PURPOSE: Differentiation between culture-negative sepsis and noninfectious systemic inflammatory response syndrome (SIRS) remains a diagnostic challenge for clinicians, both conditions having similar clinical presentations. Therefore, a swift accurate diagnostic tool, which helps differentiate these 2 conditions would immensely aid appropriate therapeutic continuum. This prospective study was conducted to evaluate the potential diagnostic role of biomarkers, procalcitonin (PCT) and interleukin 6 (IL-6), in culture-negative sepsis patients.

METHODS: Enrolled patients (208) included 46 noninfectious SIRS, 90 culture-negative sepsis, and 72 culture-positive sepsis. Culture, PCT, and IL-6 estimations were performed on day 1 of intensive care unit admission.

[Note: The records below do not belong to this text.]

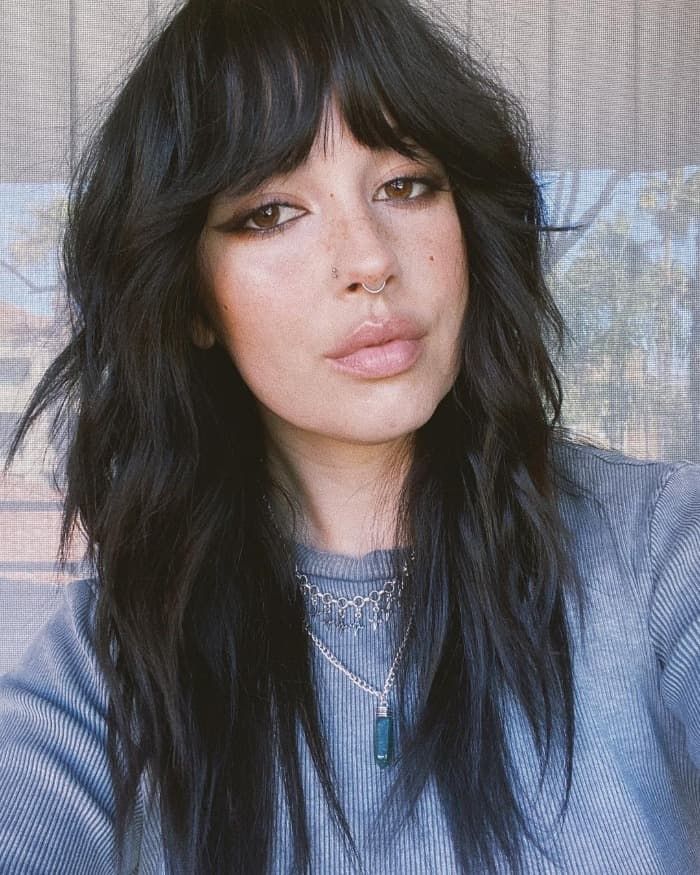 Dark Brown Shag With Subtle Highlights Dark Brown Shag With Subtle Highlights — Long Shag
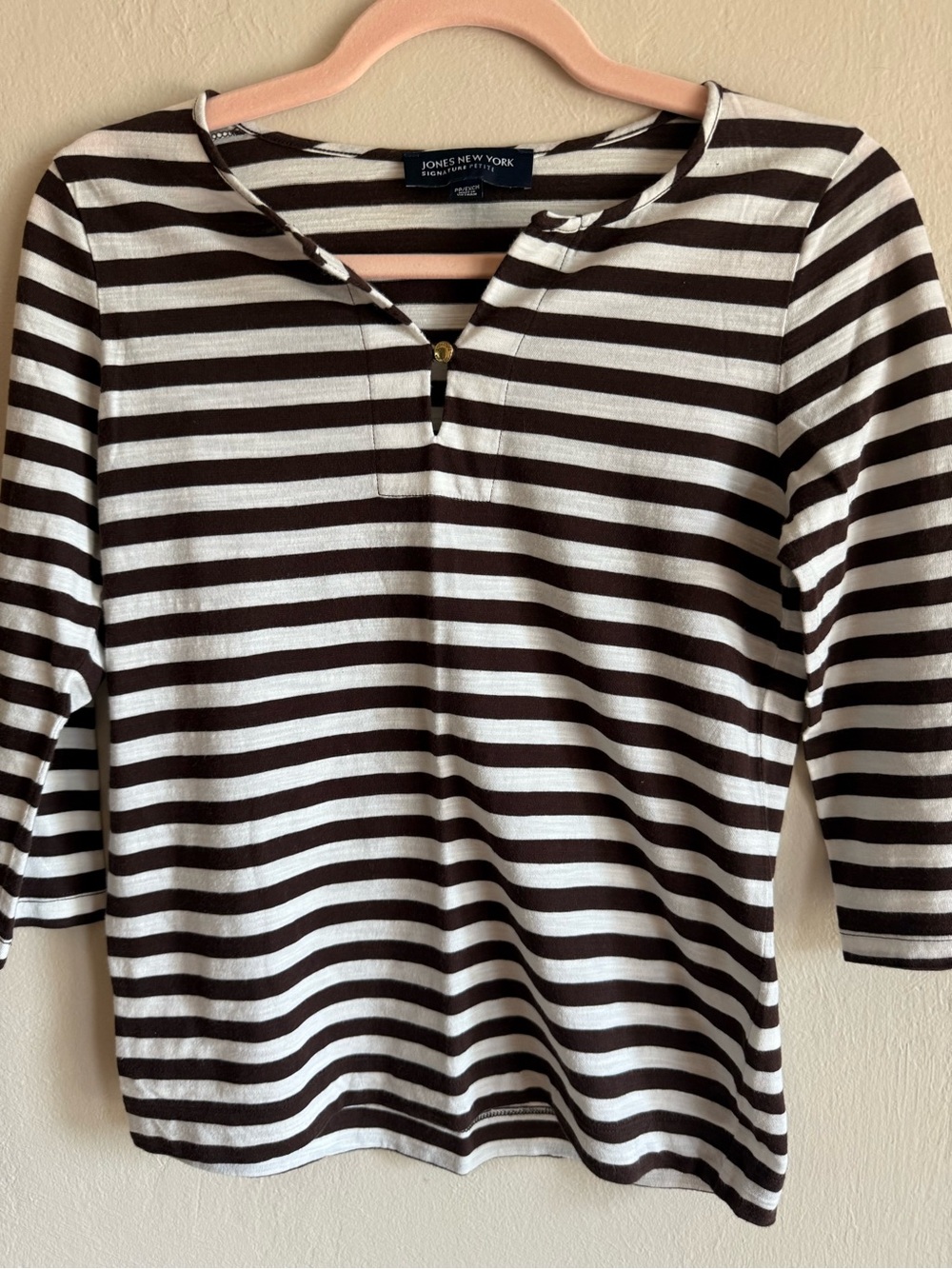 Jones New York Brown and White Striped Knit Top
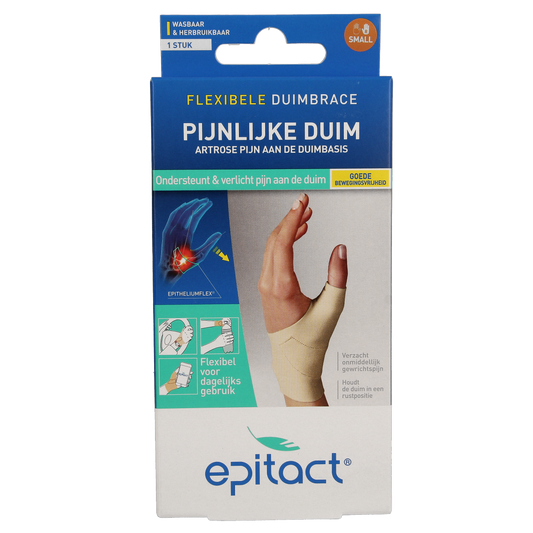 Epitact Duim orthese dag rechts maat S brace for thumb support, shown in a white plastic design with adjustable straps.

RESULTS: Procalcitonin and IL-6 levels were significantly higher (P < .001) in both culture-negative and culture-positive groups as compared with SIRS group. Procalcitonin was a better predictor of sepsis in both culture-negative (area under curves 0.892 vs 0.636) and culture-positive (area under curves 0.959 vs 0.784) groups as compared with IL-6. In culture-negative group, the best cutoff point for PCT was at 1.43 ng/mL (92% sensitivity; 83% negative predictive value), best cutoff point for IL-6 was at 219.85 pg/mL (47% sensitivity and 42% negative predictive value).

CONCLUSIONS: Procalcitonin can accurately differentiate culture-negative sepsis from noninfectious SIRS and thereby contribute to early diagnosis and effective management of these conditions.